In reply to Harshad:
Suppose if i have a packed array like “rand bit [7:0][7:0][6:0]” array and i want to write functional coverage like coverpoint array[0][1] = [0:127] then how can i write functional coverage for that ?
In short how can i write functional coverage for three dimensional packed array ?

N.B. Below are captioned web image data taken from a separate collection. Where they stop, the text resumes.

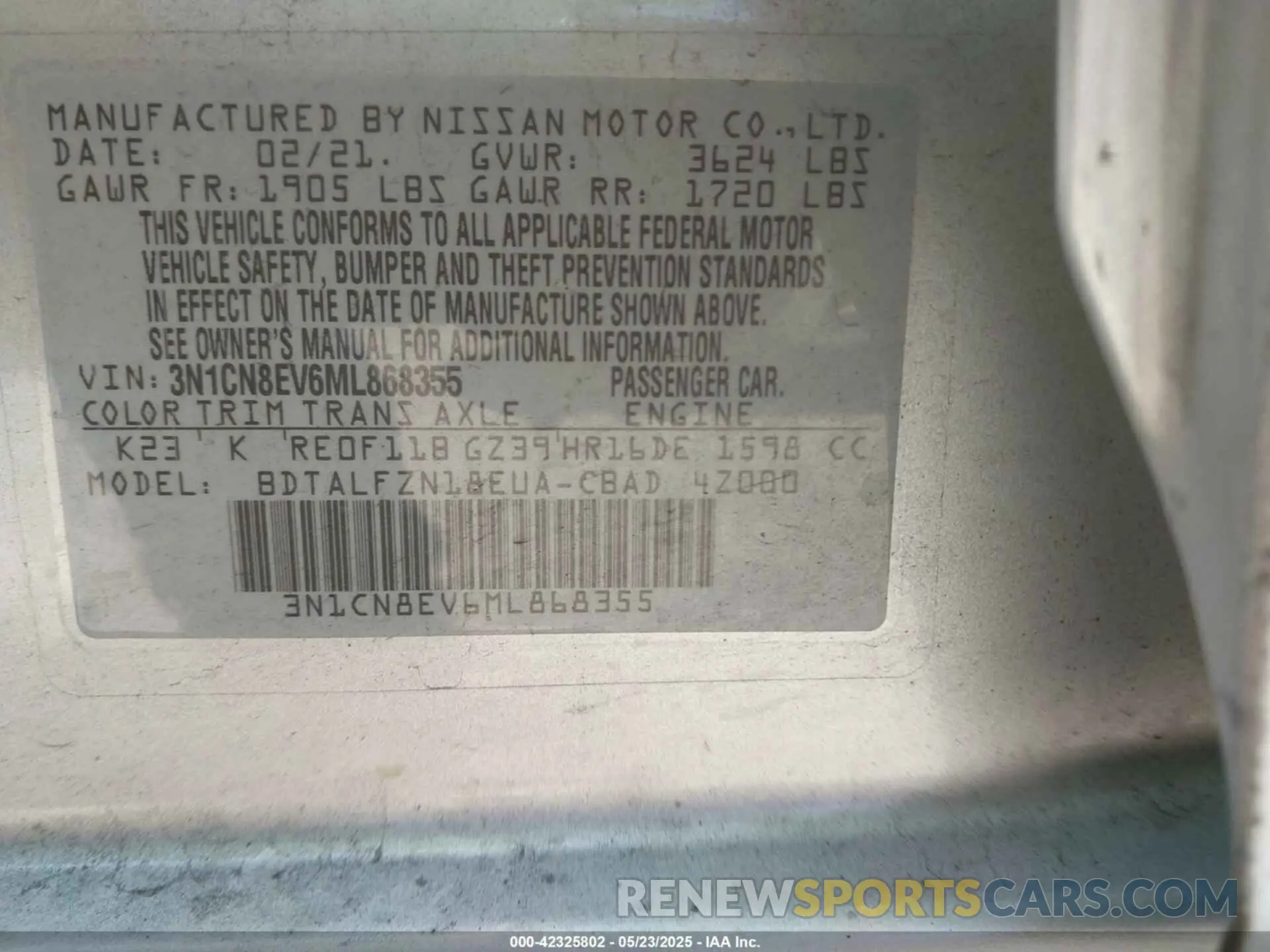 9 Photograph of a damaged car 3N1CN8EV6ML868355 NISSAN VERSA 2021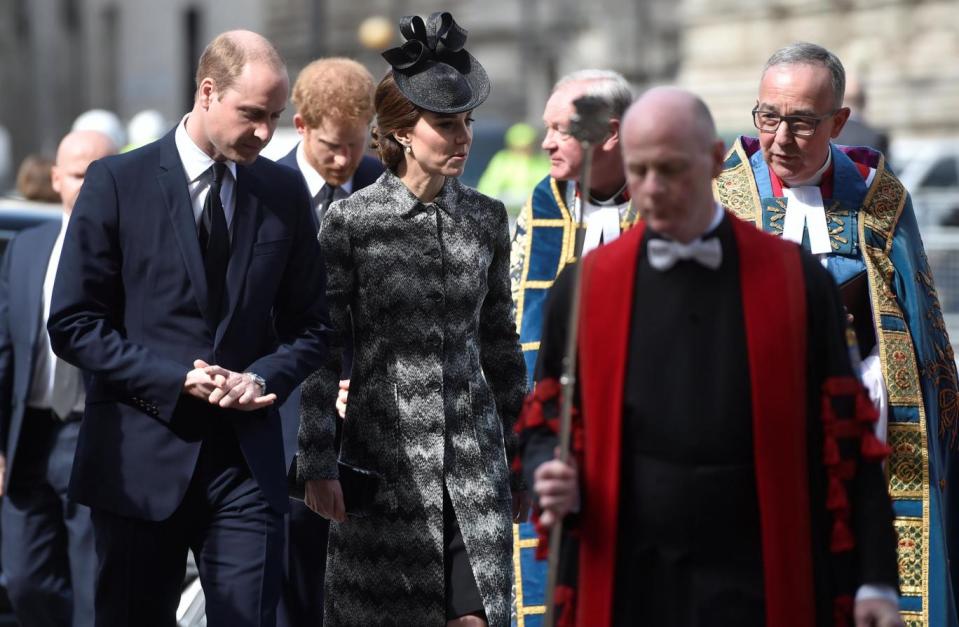 Prince William and Catherine, the Duchess of Cambridge, arrive at a Service of Hope at Westminster Abbey for the victims of the Westminster terror attack (Hannah McKay/Reuters)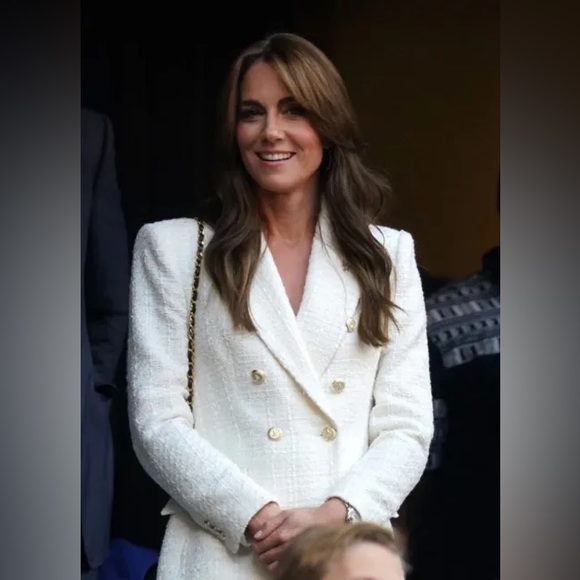 ZARA DOUBLE BREASTED TEXTURED BLAZER - Picture 6 of 11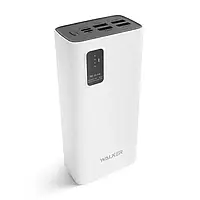 Универсальная мобильная батарея WALKER 30000 mAh, Качественный Power Bank 3USB переносной с быстрой зарядкой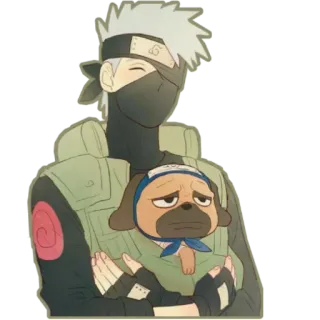 🐶 Kakashi Naruto 카카시 하타케, 나루토, 애니메이션, 만화, 개, 닌자, 캐릭터 telegram sticker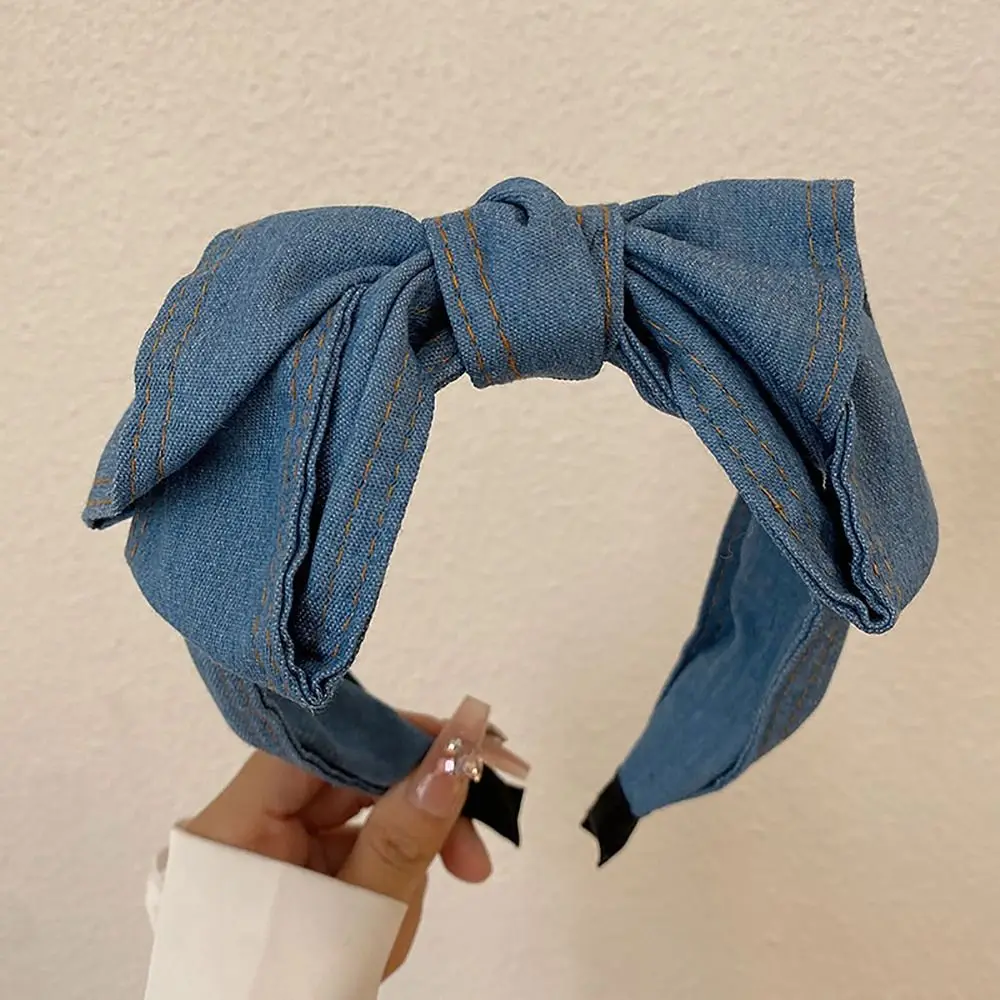 Butterfly knot hair band, high-end denim French hair accessories temperament hair band for woman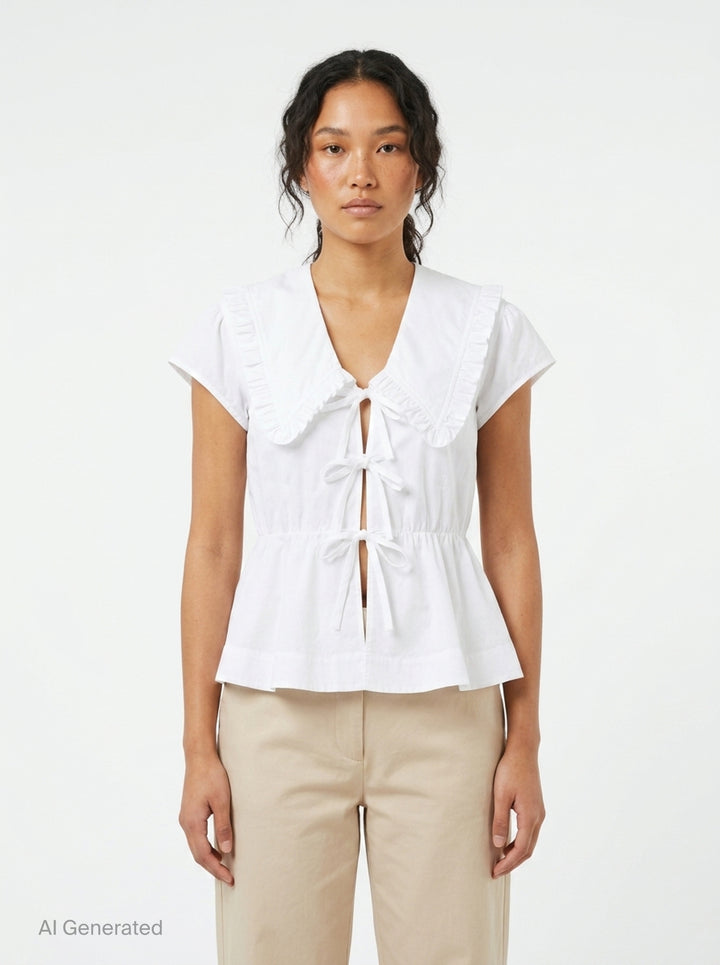 Regenerative Cotton Poplin Blouse | Ganni | Club21 - front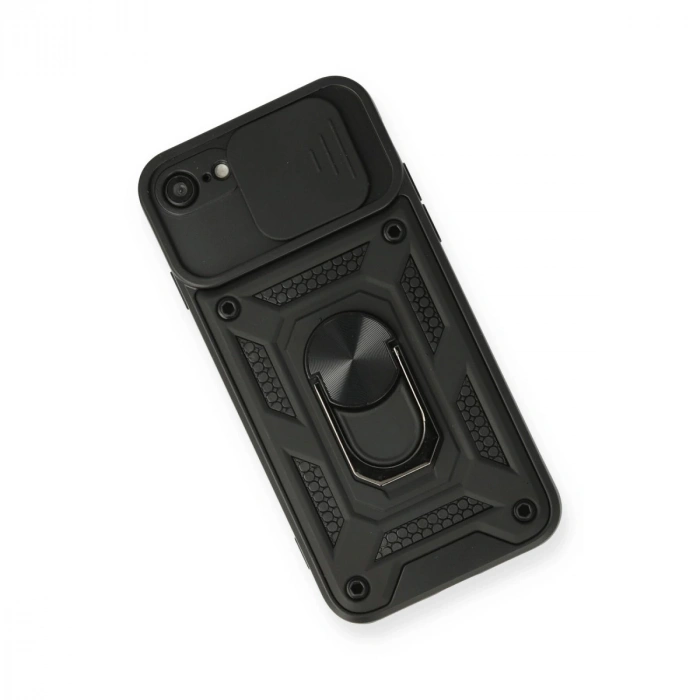 İphone 7 Kılıf Pars Lens Yüzüklü Silikon - Siyah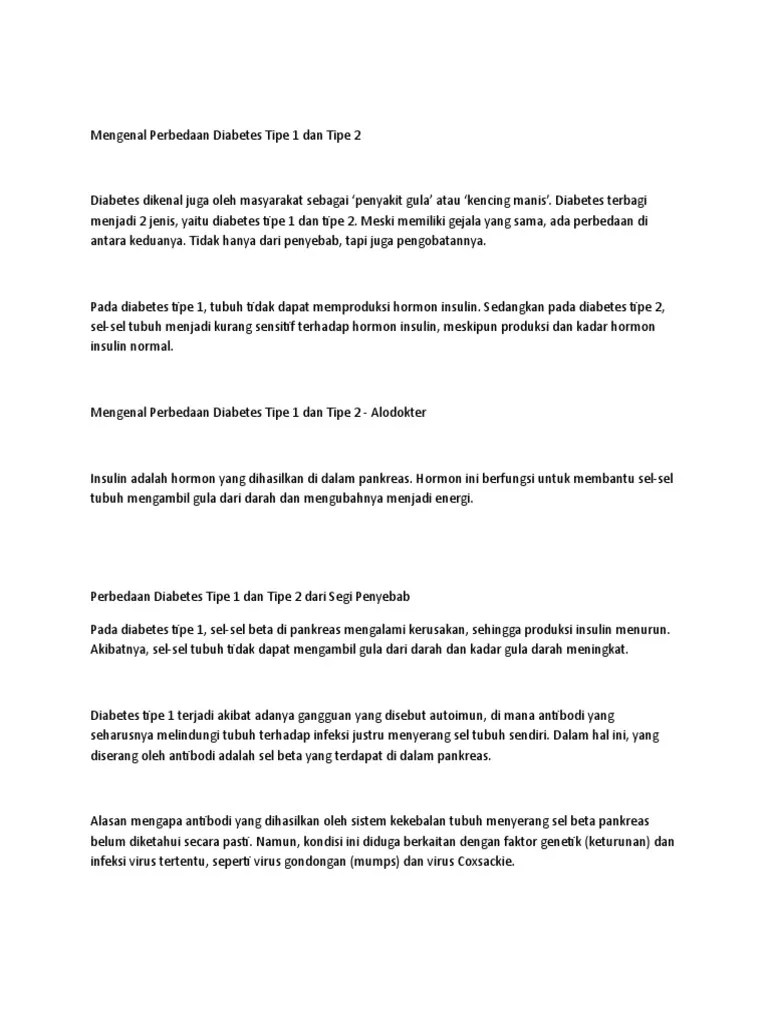 Perbedaan DM Tipe I Dan DM Tipe II | PDF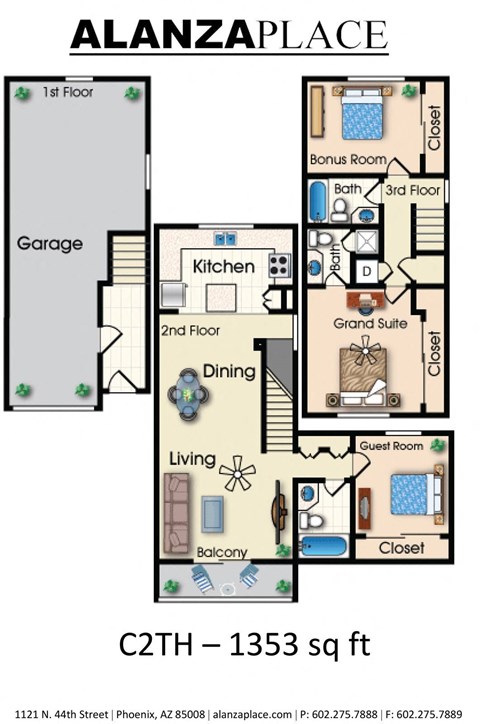 Three bedroom three bathroom 1,353 Sq.Ft. Floor plan at Alanza Place, Phoenix, Arizona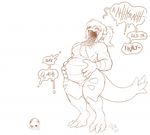  2016 anthro anthrofied belly big_belly breasts canine claws cownugget dialogue digestion drooling duo english_text fan_character featureless_breasts featureless_crotch female gaping_mouth hair hand_on_stomach long_hair male mammal monochrome navel nintendo nude open_mouth pok&eacute;mon pok&eacute;morph ponytail post_vore saliva scales signature speech_bubble text toe_claws tongue tongue_out tyranitar video_games voluptuous vore wide_hips zoroark 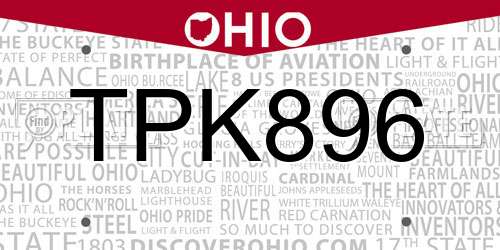 TPK896 Ohio License Plate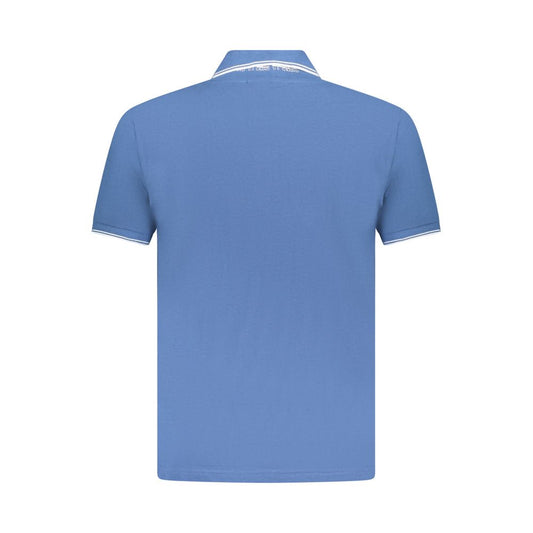 Back view of U.S. Grand Polo blue cotton men's polo shirt with short sleeves and contrasting collar details.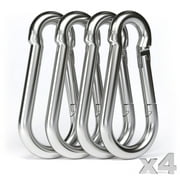 dimok Heavy Duty Carabiner Clips Stainless Steel Spring Snap Hook Set - Camping Swing Boat Hammock Hiking 3 1/2 Inch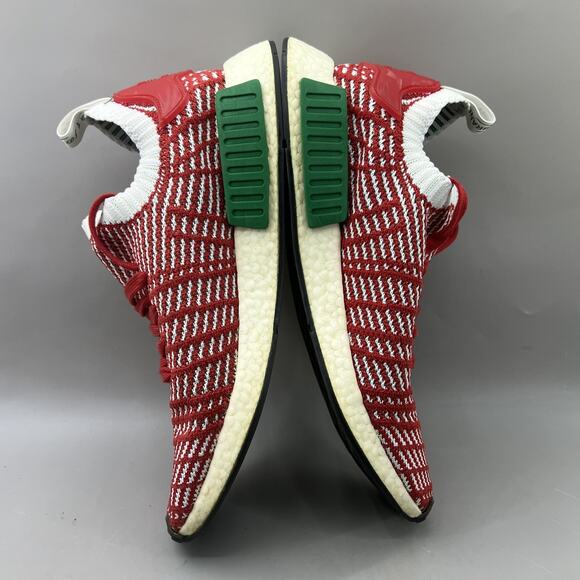 adidas Red and White Knit Sneakers - Picture 6 of 8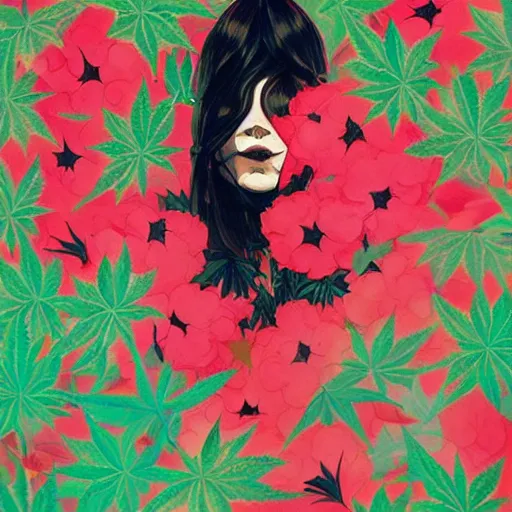 Image similar to surreal gouache painting by conrad roset, cannabis flowers growing out, portrait, cgsociety, artstation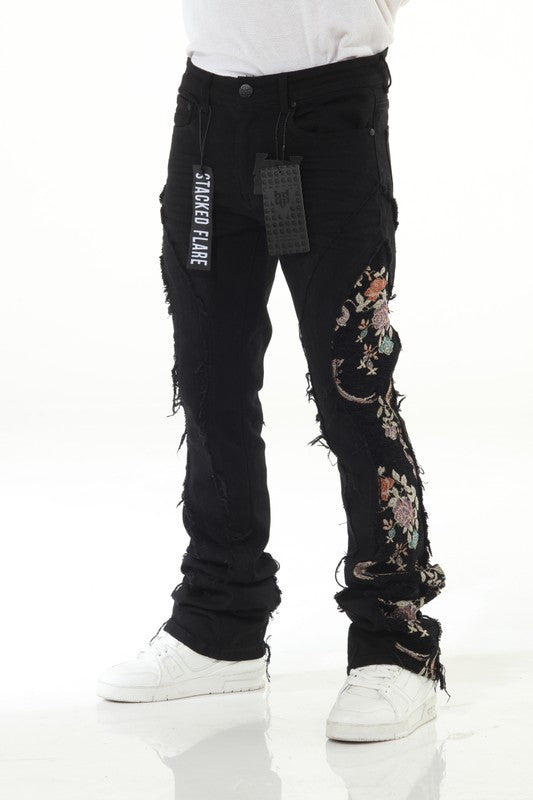 Black Denim Tapestry Stack Flare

I’m maybe overcomplicating things here but you can use an array of coverpoints as mentioned here and here
For example if you do not know the sizes of the packed array you could try something along this lines, in this case I’m creating an array covergroups to cover the third packed dimension of x (assuming that is what you want to cover)
module test();
bit [1:0][2:0][6:0] x;
int count; // auxiliary variable to know how many covergroups are required
// also used to select which covergroup needs to be sampled
int min;
int max;
covergroup cg(int min, int max) with function sample(int slice); //if the what you want to cover is greater than 32 bit then change the type of slice
option.per_instance = 1;
cp_range: coverpoint slice {
bins valid[] = {[min:max]};
}
endgroup
initial begin
cg m_cg[]; //dynamic array of covergroups
min = 0;
max = 127;
foreach(x[i,j,]) begin //create an entry in the array every [i][j] in this case a total of 2*3 = 6
count++;
m_cg = new[count](m_cg); // resize the covergroup array
m_cg[count-1] = new(min, max); // create the covergroup
end
repeat (2) begin
if(!std::randomize(x)) $fatal(1, "Randomize Failed");
//somewhere in your sample logic
count = 0; // reset count
foreach(x[i,j,]) begin //skip the third packed dimension to get x[i][j] = [7:0] in this case
m_cg[count].sample(x[i][j]);
$display("x[%0d][%0d] = %p", i, j, x[i][j]);
count++;
end
foreach(m_cg[i]) begin
$display("m_cg[%0d] coverage = %0f", i, m_cg[i].get_inst_coverage());
end
end
end
endmodule
Which outputs
# x[1][2] = 46
# x[1][1] = 108
# x[1][0] = 8
# x[0][2] = 85
# x[0][1] = 89
# x[0][0] = 108
# m_cg[0] coverage = 0.781250
# m_cg[1] coverage = 0.781250
# m_cg[2] coverage = 0.781250
# m_cg[3] coverage = 0.781250
# m_cg[4] coverage = 0.781250
# m_cg[5] coverage = 0.781250
# x[1][2] = 9
# x[1][1] = 92
# x[1][0] = 19
# x[0][2] = 32
# x[0][1] = 9
# x[0][0] = 13
# m_cg[0] coverage = 1.562500
# m_cg[1] coverage = 1.562500
# m_cg[2] coverage = 1.562500
# m_cg[3] coverage = 1.562500
# m_cg[4] coverage = 1.562500
# m_cg[5] coverage = 1.562500
Probably someone else can provide an optimal solution, or if you know the sizes they you can simplify a lot the code shown above (for example the exact size of the array of covergroups), in any case maybe this can help you, and sorry for the lengthy reply
-R